Yume positively floats from one track to another, propelled mostly by the brothers’ genteel guitar plucking.
The album starts with “Hanarebanare”, a track shimmering with strange synthesizer effects and glassy guitars. Takefumi’s eerie falsetto teases when he reaches the song chorus.
At first, Takefumi’s singing feels off-putting, too child-like. But set against the lush minimalism of Kicell’s picturesque music, no other voice seems suitable.
Yume almost feels like the album R.E.M. should have recorded with Up — sparse but complex, expansive but minimal, playful but introspective.
A simple drum beat propells “Yume no Ikura”, the closest thing this album has to a single.
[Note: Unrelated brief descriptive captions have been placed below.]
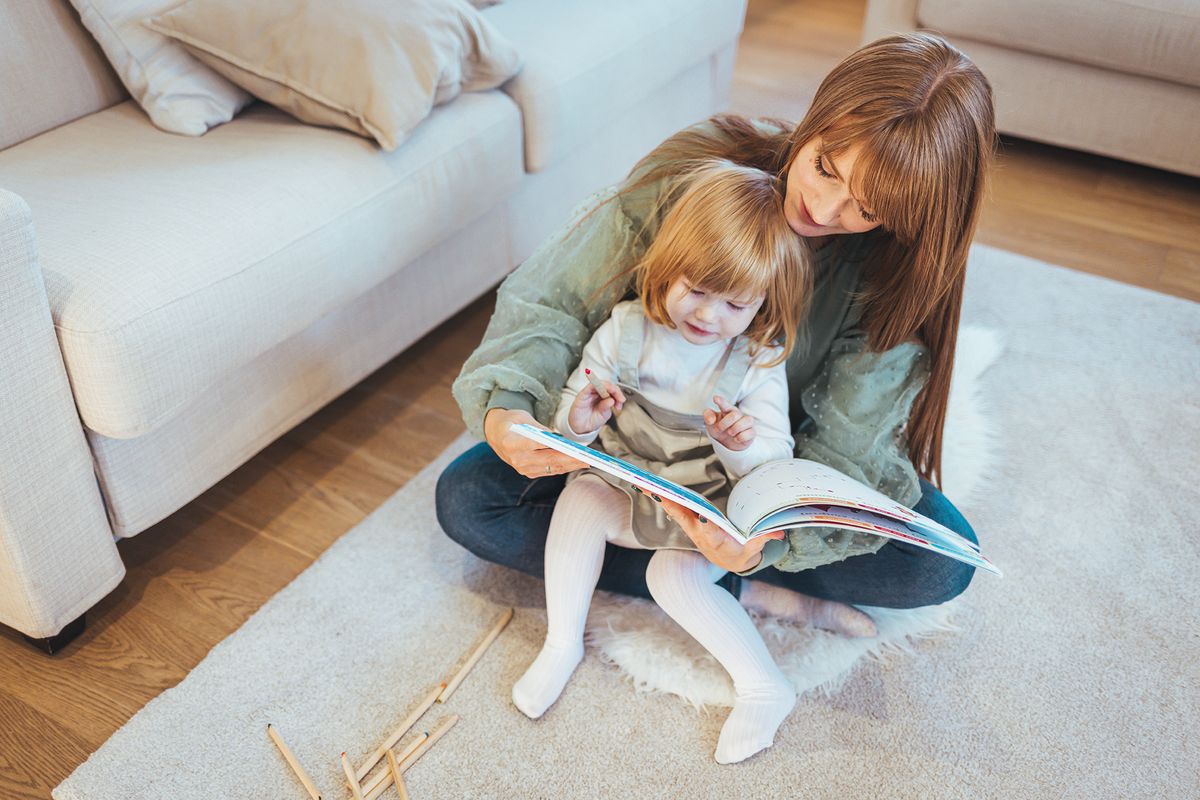 Portrait,Of,A,Smiling,Young,Cute,Mother,And,Daughter,ReadingPortrait of a smiling young cute mother and daughter reading a book lying and relax in the big white room. Mother teaching small daughter to drawing reading and writing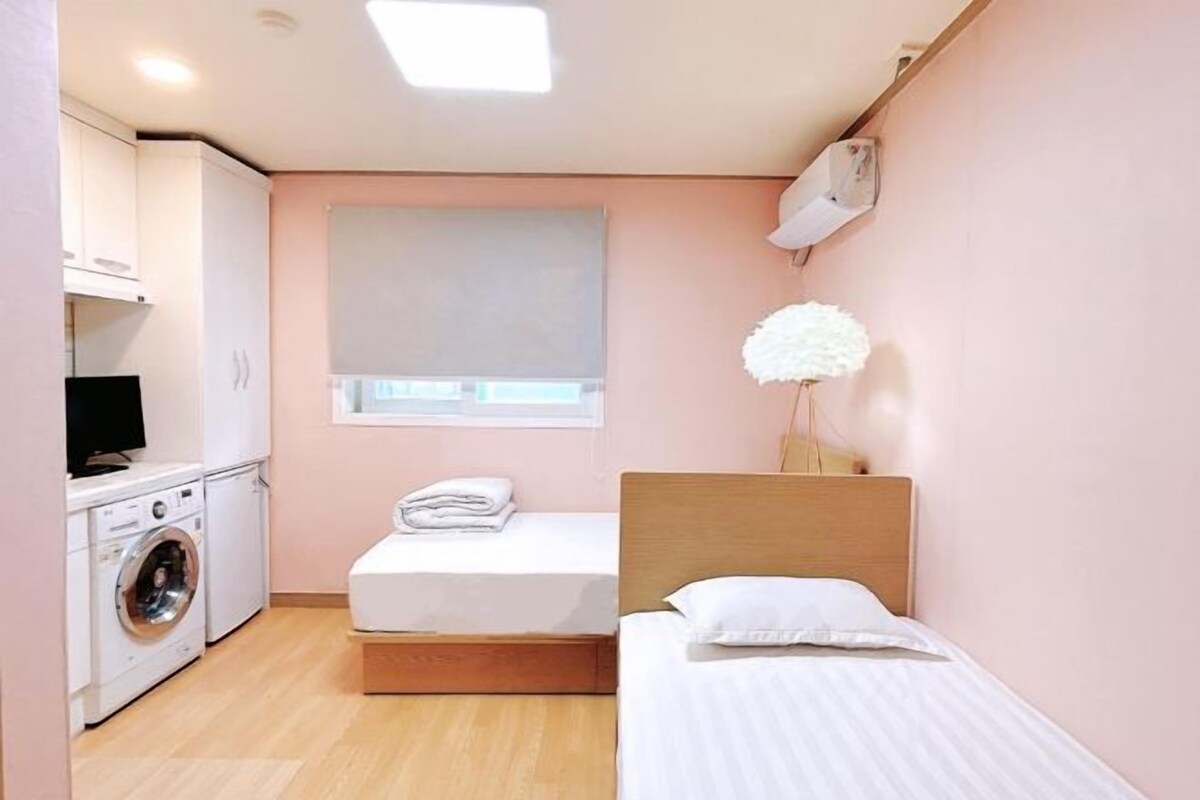 A compact bedroom with a single bed, a small bedside table, a washing machine, and a window with blinds.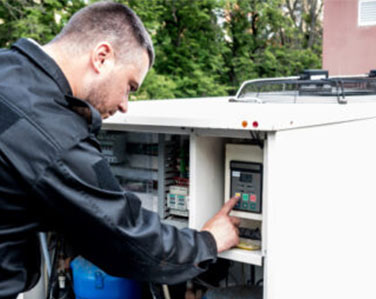 HVAC technician servicing the electrical panel of an outdoor air conditioner unit in Durham Region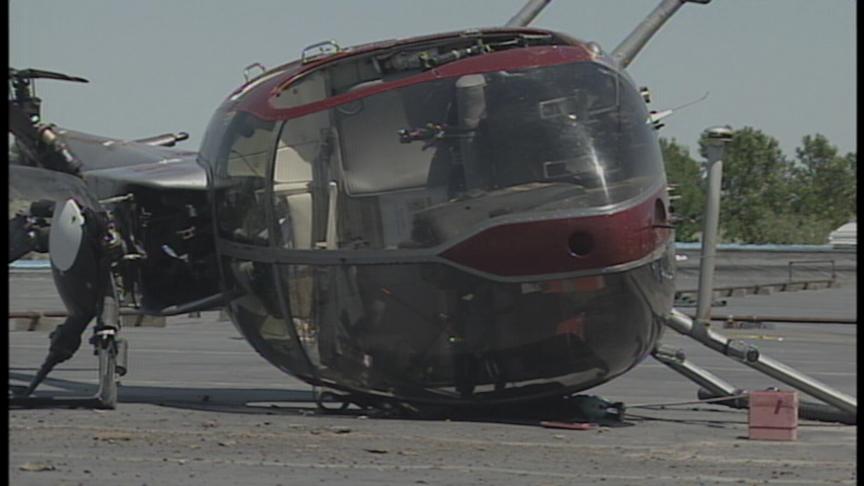 Helicopter Makes a Hard Landing on Roof of Business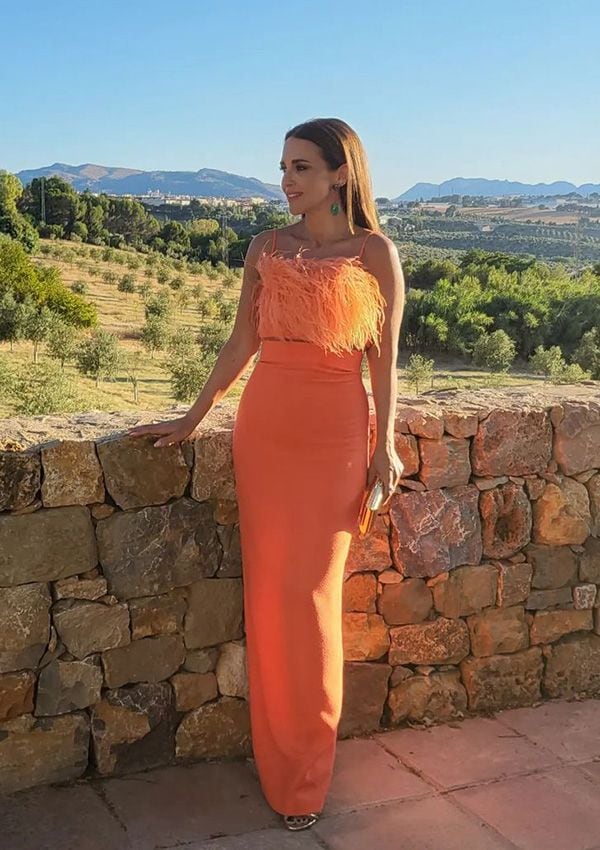 Paula Echevarría con look naranja en una boda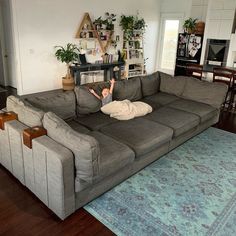 a man laying on top of a gray couch in a living room next to a blue rug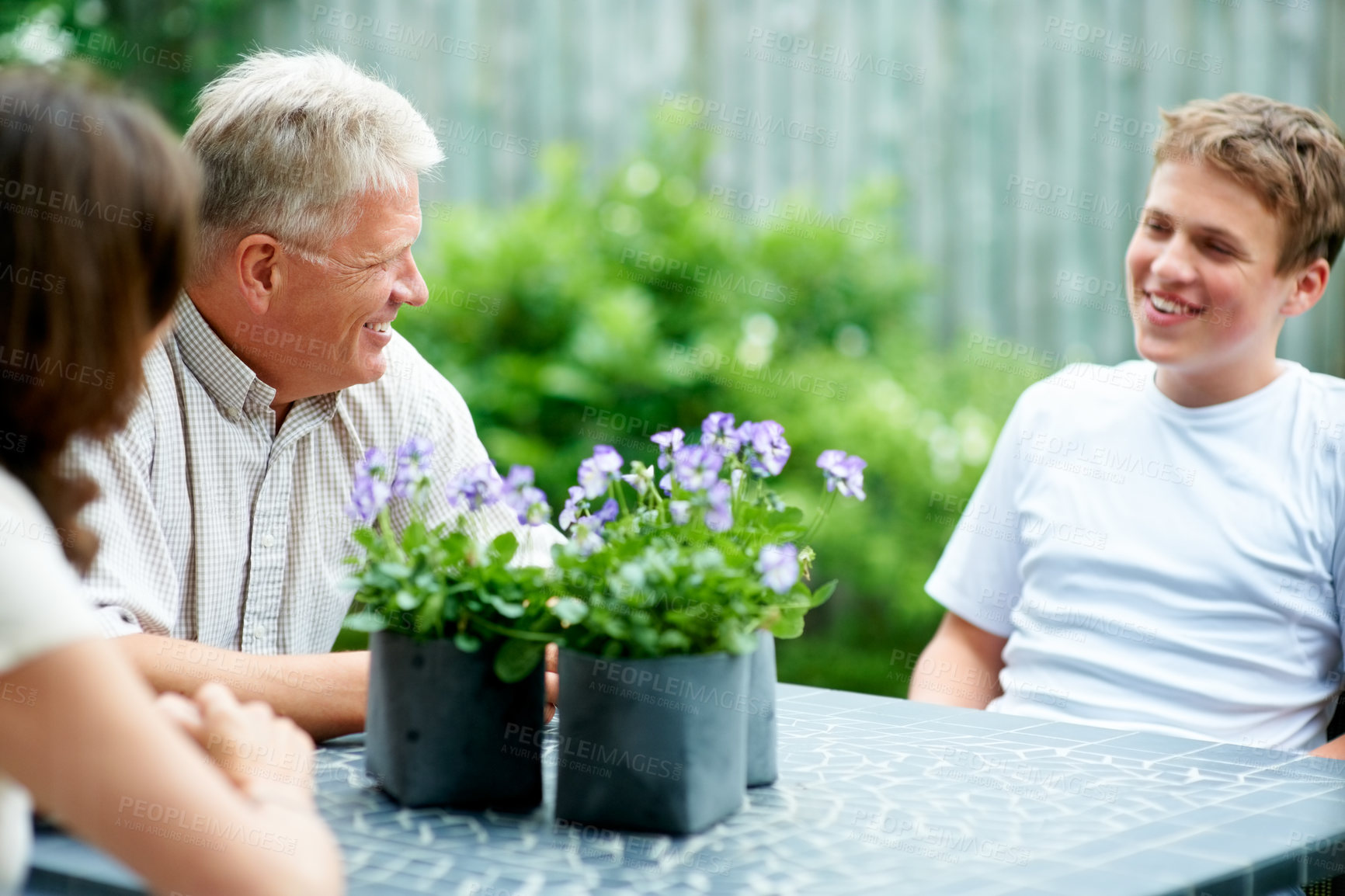 Buy stock photo Grandparents, boy and outdoor with smile, backyard and home with family, teenager and garden. Retired, man and woman with conversation, happiness and child for bonding together, support and relax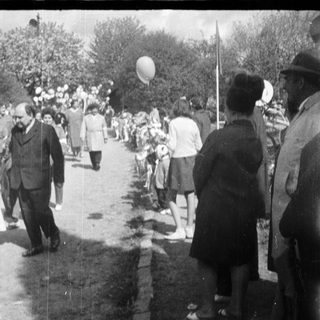 Medical personnel walk along a road with onlookers.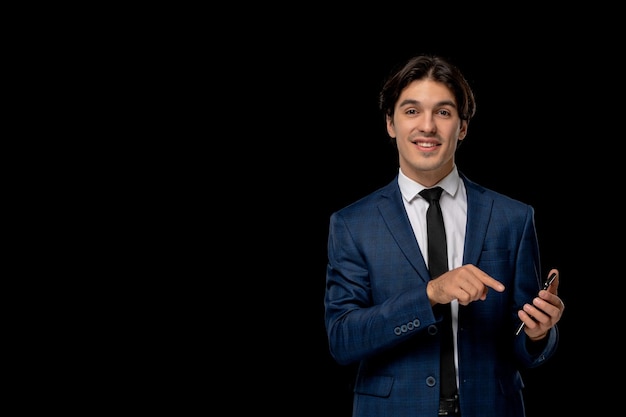 Business man young handsome guy in dark blue suit with the tie holding phone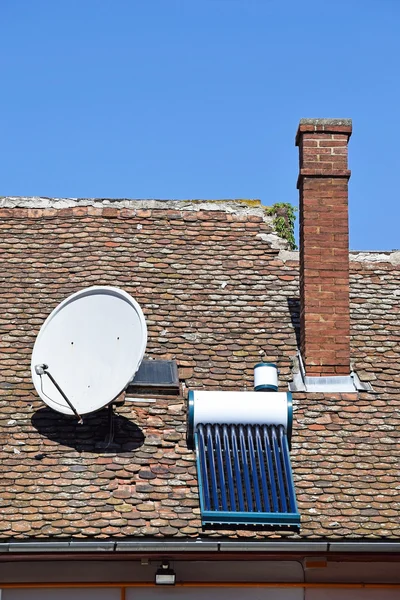 Çatıda güneş ısıtıcı ve uydu çanağı — Stok fotoğraf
A solitary piano hook punctuates the phrases of “Horohoro”.
The Tsujimura brothers know the value of “less-is-more”, throwing in its arsenal of effects at strategic points in a song, weaving unlikely timbres together to form a nice rhythmic tapestry full of surprises.
Nowhere is this more apparent than the epic “Yakanhikoo (Rakka Double Version)”. The track moves along on a dub beat, but strange samples float in and out of the song, giving the song more depth than its restrained arrangement lets on.
On other tracks, the brothers are just plain haunting.
“Hi no Tori ~Hotani-en~” sports a dreamy, reverb-drenched vocal performance, while “Kyuujitsu no Mado” feels positively drugged out.
Put Yume on the stereo, and it’s a safe bet Kicell’s skillfull, minimalistic work will burrow itself into your subconscious.
Sweet dreams.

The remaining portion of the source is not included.